To był rok dynamicznych zmian – w taki sposób rok kalendarzowy podsumował Maciej Kochański, prezes UNI Opole, reprezentanta regionu w siatkarskiej elicie kobiet. Po zakończeniu poprzedniego sezonu na 10. pozycji w tabeli Tauron Ligi, ekipa postanowiła dokonać strategicznych zmian kadrowych, które miały wpłynąć na osiągnięcia w obecnym sezonie i to się udało.
Do klubu dołączyły m.in. dwie istotne postacie: reprezentantka Kolumbii Ana Karina Olaya, oraz utalentowana Julia Bińczycka, pierwsza rozgrywająca, która przeszła do UNI Opole z drużyny z Rzeszowa.
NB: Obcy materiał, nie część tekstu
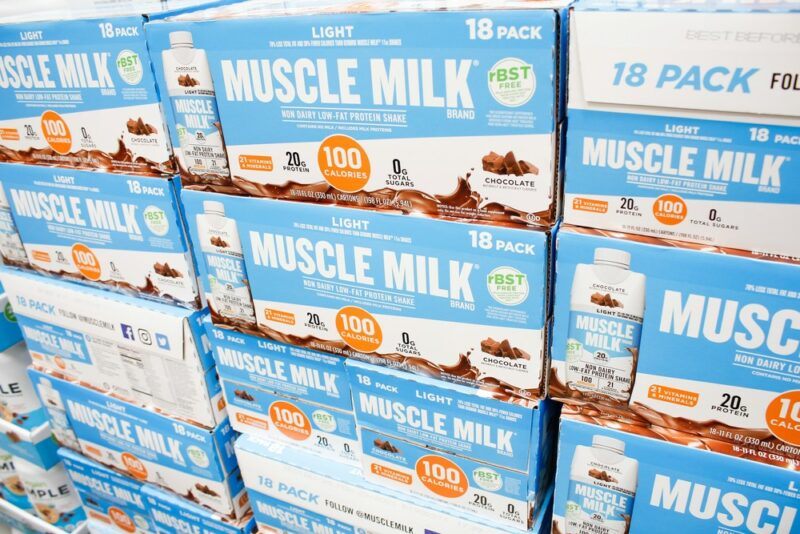 Blue and white boxes of Muscle Milk in the grocery store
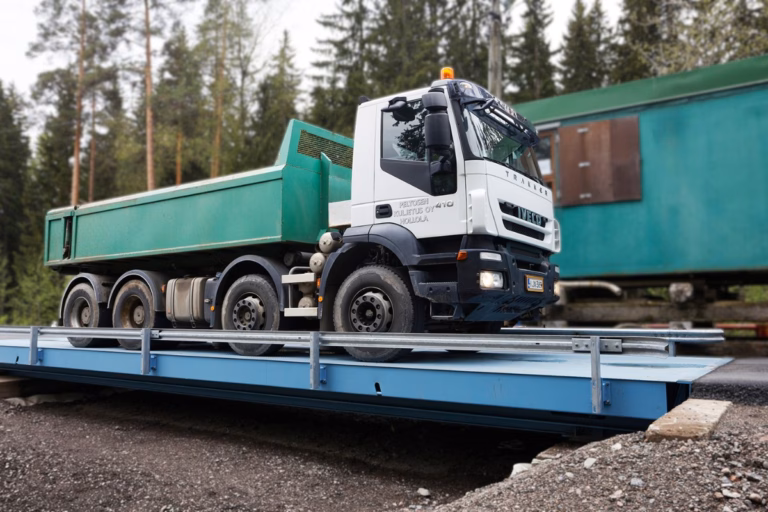 Truck on a transportable steel scale with a forest in the background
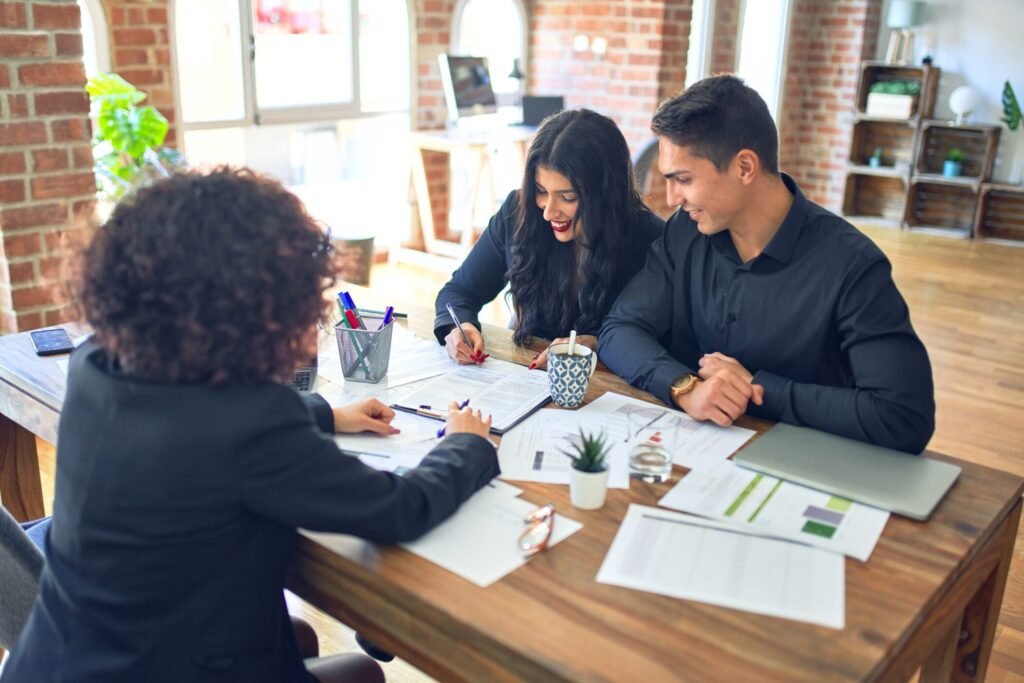 Clients signing mortgage paper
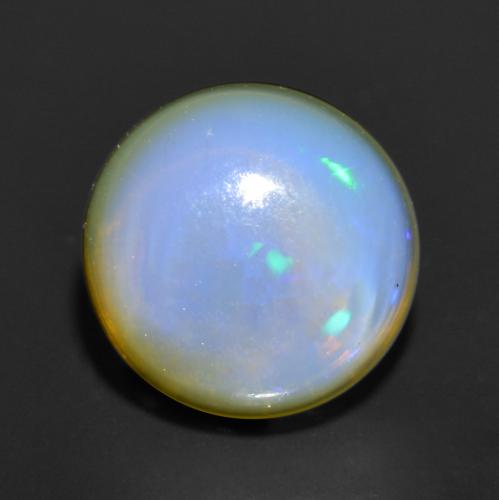 0.90克拉天然欧泊，圆形切割，半透明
Między innymi te zmiany odmieniły oblicze drużyny, dając nowe perspektywy i możliwości taktyczne.
Dotychczasowy przebieg ligowej rywalizacji ocenia Maciej Kochański, prezes UNI Opole.
- Sezon przeplatający szczęściem i pechem. Pech, w tym obszarze kontuzji. Niestety, od samego początku cały czas ten pech kontuzji nas prześladuje. Szczęście, bo zajmujemy 7. miejsce i gdzieś ta kwalifikacja do play-off, coś, co było naszym założeniem i celem przed tym sezonem, można powiedzieć, że jest cały czas w naszym zasięgu.
To istotny postęp, zwłaszcza biorąc pod uwagę skromne możliwości finansowe klubu, który jednak zdołał wywalczyć sobie znaczącą pozycję w ligowej czołówce. Według zapewnień władz drużyna jest gotowa na kolejne wyzwania, które czekają w rundzie rewanżowej.